What needs to be done
Please return only the lines from the one holding "MEKER Mink Oil, Mink" through the one holding "Cream embroidery net", exactly as they appear in the records below, both ends included.

Records for the task
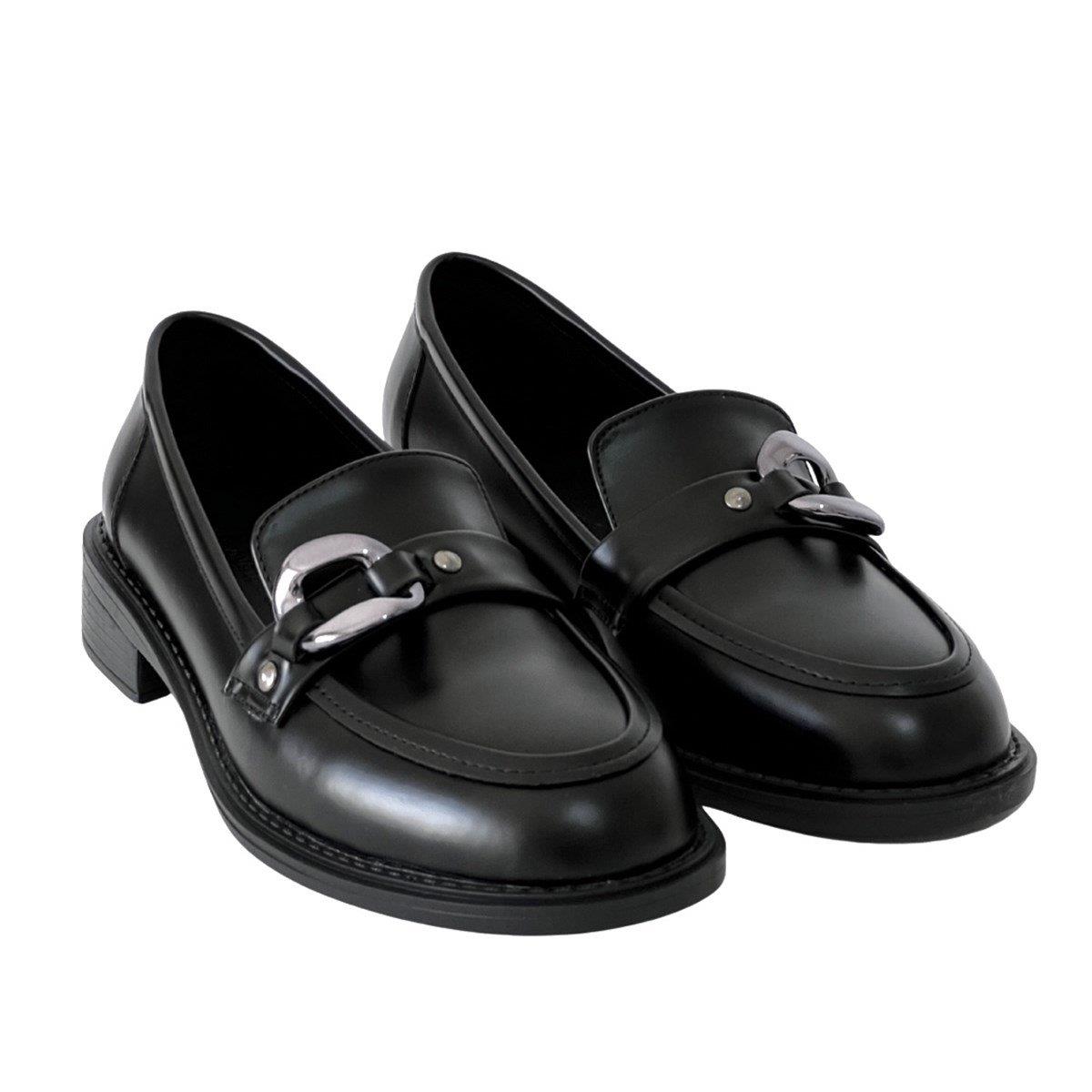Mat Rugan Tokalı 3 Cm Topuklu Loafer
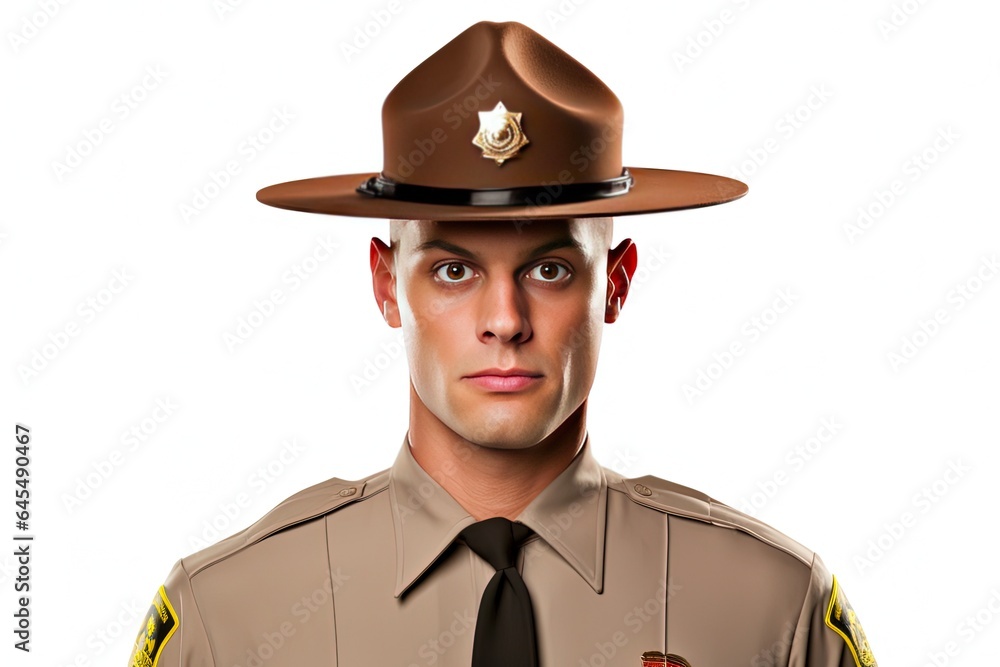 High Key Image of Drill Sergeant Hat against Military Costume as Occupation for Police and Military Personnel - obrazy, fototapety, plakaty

---

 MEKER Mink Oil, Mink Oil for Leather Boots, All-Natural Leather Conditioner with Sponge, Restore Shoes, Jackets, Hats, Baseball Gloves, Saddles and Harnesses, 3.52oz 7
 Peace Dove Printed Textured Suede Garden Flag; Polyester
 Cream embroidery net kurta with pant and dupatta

Exercise result
 MEKER Mink Oil, Mink Oil for Leather Boots, All-Natural Leather Conditioner with Sponge, Restore Shoes, Jackets, Hats, Baseball Gloves, Saddles and Harnesses, 3.52oz 7
 Peace Dove Printed Textured Suede Garden Flag; Polyester
 Cream embroidery net kurta with pant and dupatta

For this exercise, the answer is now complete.